Le Pen exprime tout haut ce qu’Alain Finkelkraut chuchotait il y a quelques temps au journal israélien Ha’aretz [1], prétendant avec une naïveté feinte qu’il ne pensait pas que ses propos (incompris, bien évidemment, la pensée du philosophe étant si complexe) seraient repris dans la presse française. Le problème, qu’on nous dit, c’est que cette équipe est trop noire. Ce problème, on en retrouve l’écho distordu dans les critiques faites à Raymond Domenech avant le tournoi. Ils sont trop vieux, ils ne courent plus, ils n’en veulent plus, ils sont fatigués, ils vont foutre la honte à toute la France. Trop de noirs en 98, ça allait, mais s’il se mettent à perdre on va peut-être se mettre à questionner l’obtention de leurs passeports...

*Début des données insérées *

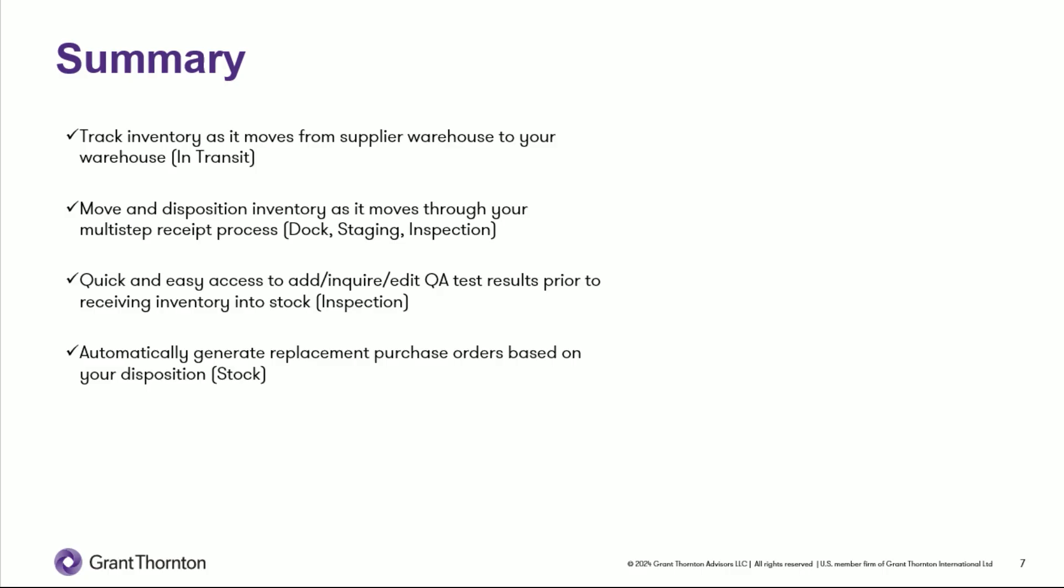In summary, receipts routing is a great means for tracking inventory as it moves from your supplier warehouse to your warehouse. That's your in-transit step. It's a great tool for moving and dispositioning inventory if you have multiple operations in a multi-step receipts process - docking, staging, inspection, etc. It's quick and easy to access to add, inquire, edit QA test results prior to receiving inventory into stock. And you can also easily use it to automatically generate replacement purchase orders based on your disposition. So anytime you have a multi-step receipt process, this is a tool you need to look into.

J’éviterai les considérations sur la justice poétique de la tournure des évènements, notamment parce que comme une grande majorité de Français et de citoyens du monde je ne donnais moi non plus aucune chance à cette équipe. Ce qui m’intéresse, c’est plutôt le glissement entre la France "black-blanc-beur de 98" et son pendant honni puis sauvé de 2006.
L’antifrance footballistique, une tradition française
Après son infâme commentaire, Finkielkraut aura passé quelques temps à tenter de s’expliquer. Dans cette interview avec Elkabach [2], il essaye de préciser : "Il (mon père, ndlr) voyait la composition de l’équipe de France, Kissovski, Copa, c’est à dire Copachevski, Pieantoni et il s’amusait et il dit : "mais est-ce qu’il y a des Français dans cette équipe ?". Il entendant par là Français de souche, c’était un rire innocent, un rire sans méchanceté dont j’ai voulu faire ressentir l’écho dans ce texte."
C’était donc une blague. La petite histoire nous rappelle une chose cependant : les plus grandes équipes de France de l’histoire auront toujours été composées d’immigrés et de fils d’immigrés issus d’une variété de pays, et bien sûr d’Antillais. L’équipe de 58 dont parle Finkielkraut ici fut la première à atteindre une demi-finale de coupe du Monde, avec les premières grandes stars internationales du foot français : des Polonais au nom francisé, des Italiens, fils de mineurs, des enfants de la plèbe. L’équipe des années 80, deux fois demi-finaliste et championne d’Europe, c’est un festival des nations : Platini, Bellone, Battiston, Ferreri sont tous fils d’Italiens, Fernandez et Amoros fils d’Espagnols. Janvion, Trésor représentent les Antilles, Tigana et Touré l’Afrique. Les joueurs de foot ne sont pas tant issus de groupes ethniques que de groupes sociaux : le foot, c’est l’ascenseur social, le rêve des banlieues, l’espoir hors de la mine. Le football se développe plus particulièrement dans les régions industrielles et les banlieues précisément pasrce qu’on y trouve les populations immigrées et les classes sociales les moins aisées. C’est la même histoire depuis les débuts du football professionnel en France. Dans une interview à Libération, le sélectionneur Domenech, lui-même fils d’un Républicain catalan réfugié en France après la guerre d’Espagne nous disait ceci : "Gamin, j’habitais un quartier qu’on dirait aujourd’hui sensible de Lyon, au nom prémonitoire : les Etats-Unis.Il y avaitr une seule famille d’origine française, une seule. C’était un mélange permanent. Il n’y avait pas de "noirs" ; c’est une expression que je n’ai jamais employée : des Congolais, des Ivoiriens, des Maliens, oui, mais pas des "noirs". D’autres venaient d’Afrique du Nord, d’autres d’Espagne. Alors on en jouait. On se faisait notre coupe du Monde [...]."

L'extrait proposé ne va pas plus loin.